The Midwest Reliability Organization (MRO) began operations on January 1, 2005, as the successor to the Mid-continent Area Power Pool (MAPP), which was formed in 1965. MRO is one of six regional entities under North American Electric Reliability Corporation (NERC) authority. NERC and the regional reliability councils were formed following the Northeast Blackout of 1965. MRO's offices are located in St. Paul, Minnesota. MRO members include municipal utilities, cooperatives, investor-owned utilities, a federal power marketing agency, Canadian Crown Corporations, and independent power producers.
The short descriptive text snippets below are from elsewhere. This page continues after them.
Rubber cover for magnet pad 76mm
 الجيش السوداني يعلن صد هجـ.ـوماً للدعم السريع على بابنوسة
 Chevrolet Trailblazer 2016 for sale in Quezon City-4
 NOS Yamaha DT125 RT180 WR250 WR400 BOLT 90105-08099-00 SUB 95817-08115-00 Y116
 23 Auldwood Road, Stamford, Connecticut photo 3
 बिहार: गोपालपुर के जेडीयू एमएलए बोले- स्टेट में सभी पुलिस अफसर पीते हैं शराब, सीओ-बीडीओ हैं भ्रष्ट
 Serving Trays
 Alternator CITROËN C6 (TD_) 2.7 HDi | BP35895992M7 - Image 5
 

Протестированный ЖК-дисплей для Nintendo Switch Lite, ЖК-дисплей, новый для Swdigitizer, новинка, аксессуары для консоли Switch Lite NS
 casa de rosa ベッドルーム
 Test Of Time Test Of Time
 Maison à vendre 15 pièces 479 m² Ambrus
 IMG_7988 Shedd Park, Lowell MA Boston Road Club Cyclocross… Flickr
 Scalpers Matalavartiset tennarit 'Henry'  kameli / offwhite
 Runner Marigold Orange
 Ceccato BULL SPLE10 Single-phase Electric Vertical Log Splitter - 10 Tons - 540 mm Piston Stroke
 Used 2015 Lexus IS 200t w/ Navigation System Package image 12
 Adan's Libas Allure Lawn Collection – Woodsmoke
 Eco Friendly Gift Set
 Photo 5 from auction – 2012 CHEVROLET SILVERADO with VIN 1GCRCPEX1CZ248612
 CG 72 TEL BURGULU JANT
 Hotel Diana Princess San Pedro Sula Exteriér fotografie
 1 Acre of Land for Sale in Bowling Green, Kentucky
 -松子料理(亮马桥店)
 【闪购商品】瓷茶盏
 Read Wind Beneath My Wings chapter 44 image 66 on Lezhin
The MRO region lies within the Eastern Interconnection and occupies upper midwestern North America, covering all of the states of Minnesota, North Dakota and Nebraska, portions of the states of Arkansas, Illinois, Iowa, Kansas, Louisiana, Michigan, Missouri, Montana, New Mexico, Oklahoma, South Dakota, Texas, and Wisconsin, as well as the Provinces of Saskatchewan and Manitoba in Canada. The MRO has four of the six high-voltage direct current ties which connect the Eastern Interconnection to the Western Interconnection, and also has ties to non-NERC systems in Northern Canada.

The Federal Energy Regulatory Commissions (FERC) approved the dissolution of Southwest Power Pool (SPP) as a reliability organization on May 4, 2018, resulting in the transfer of many of SPP's registered entities to MRO, effective July 2018. SPP remains as a regional transmission organization, while part of MRO's territory is served by the Midcontinent Independent System Operator.